Dengan demikian, hadits ini mendorong umat Islam untuk
tidak menunda penyelesaian konflik dengan sesama.
مِنْ قَبْلِ أَنْ يُؤْخَذَ لِأَخِيهِ مِنْ
حَسَنَاتِهِ
Sebelum diambil dari kebaikannya untuk (mengganti) hak saudaranya
Perkataan ini mengungkapkan cara pengadilan Allah dalam
menyelesaikan kezaliman antar manusia di akhirat.
Karena tak ada dinar dan dirham, maka amal saleh (ḥasanāt)
pelaku kezaliman akan diberikan kepada korban sebagai kompensasi.
Amal pribadi seseorang tidak lagi menjadi milik mutlaknya
ketika hak orang lain belum ditunaikan.
Ini menunjukkan bahwa dalam Islam, amal tidak hanya dilihat
secara vertikal kepada Allah, tetapi juga horizontal kepada sesama manusia.

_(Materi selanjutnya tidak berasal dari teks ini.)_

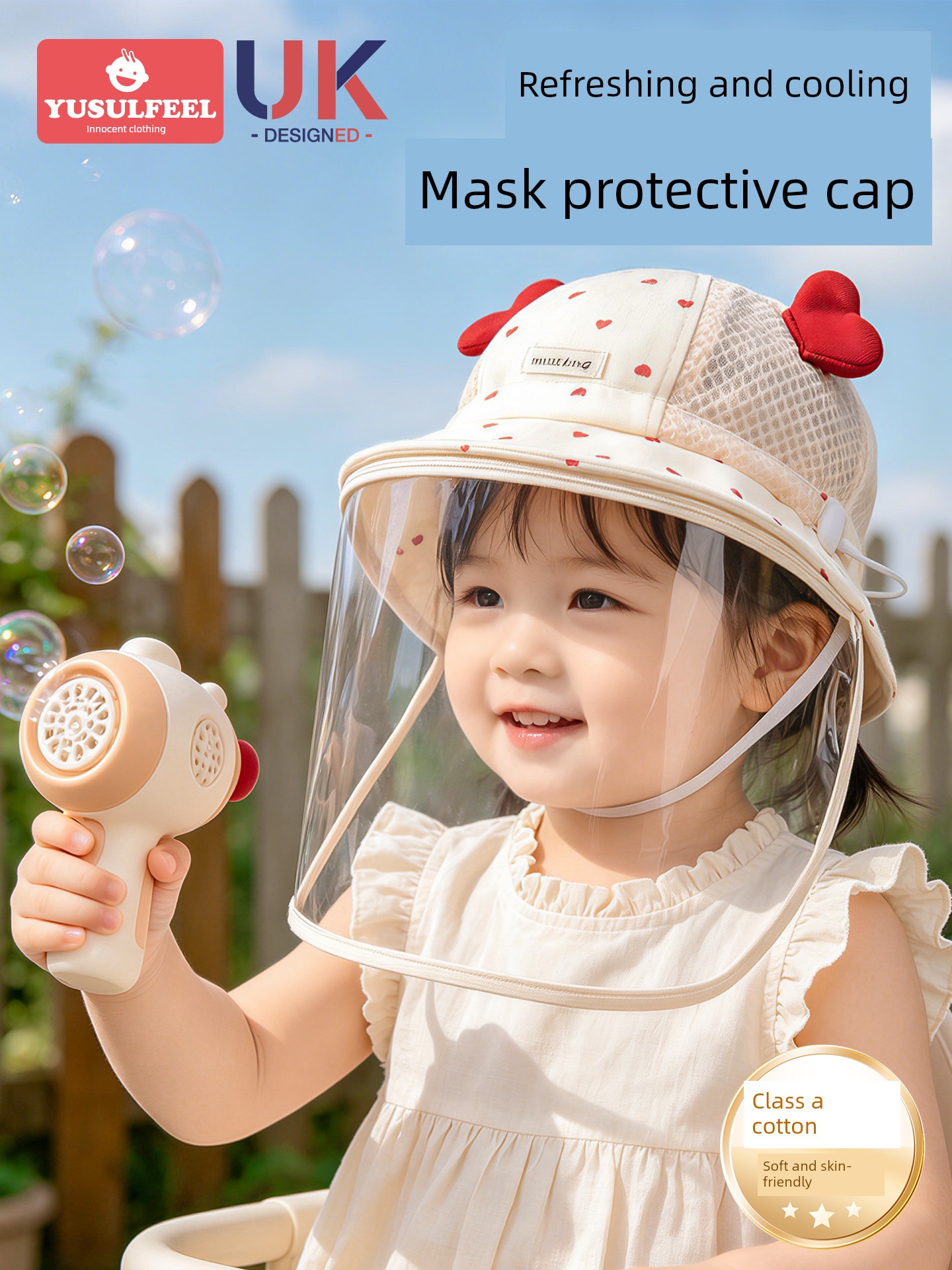 Baby Protective Face Shield 0-1 Year Old Baby Hat for Summer Outings to Prevent Wind and Droplets 6-12 Months Old Breathable Face Shield 3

Seseorang bisa kehilangan seluruh amalnya hanya karena
menyia-nyiakan hak sesama.
Kalimat ini juga memperkuat makna pentingnya menjaga
hubungan sosial yang adil dan saling menghormati.
فَإِنْ لَمْ يَكُنْ لَهُ حَسَنَاتٌ
Jika ia tidak memiliki kebaikan
Perkataan ini menggambarkan kondisi tragis dari orang yang
datang di akhirat dalam keadaan bangkrut secara spiritual.
Meski ia dahulu
hidup dengan banyak ibadah, semua itu bisa habis karena dosa-dosa sosial yang
belum dituntaskan.
Ketika tak ada lagi amal saleh, maka pelaku kezaliman
kehilangan alat tukar untuk menebus kesalahannya.

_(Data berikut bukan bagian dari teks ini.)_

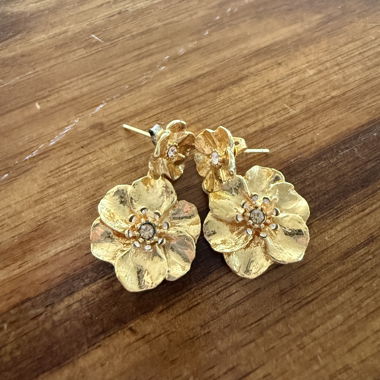 Boucles d’oreilles fleurs Gold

Kondisi ini sangat menakutkan karena seseorang bisa datang kepada
Allah dengan wajah ibadah, namun pergi dengan kehinaan.
Ungkapan ini juga memperingatkan umat agar tidak tertipu
oleh ibadah pribadi sambil menyepelekan hak orang lain.
Allah Maha Adil, dan keadilan-Nya menuntut pelunasan hak
melalui mekanisme yang tak bisa dihindari.
أُخِذَ مِنْ سَيِّئَاتِ أَخِيهِ فَطُرِحَتْ
عَلَيْهِ
Maka dosa saudaranya akan diambil dan dilemparkan kepadanya
Perkataan ini menunjukkan bentuk penggantian yang paling
berat dalam pengadilan akhirat.
Jika tak bisa membayar dengan kebaikan, maka keburukan
orang yang dizalimi akan dibebankan kepada pelaku.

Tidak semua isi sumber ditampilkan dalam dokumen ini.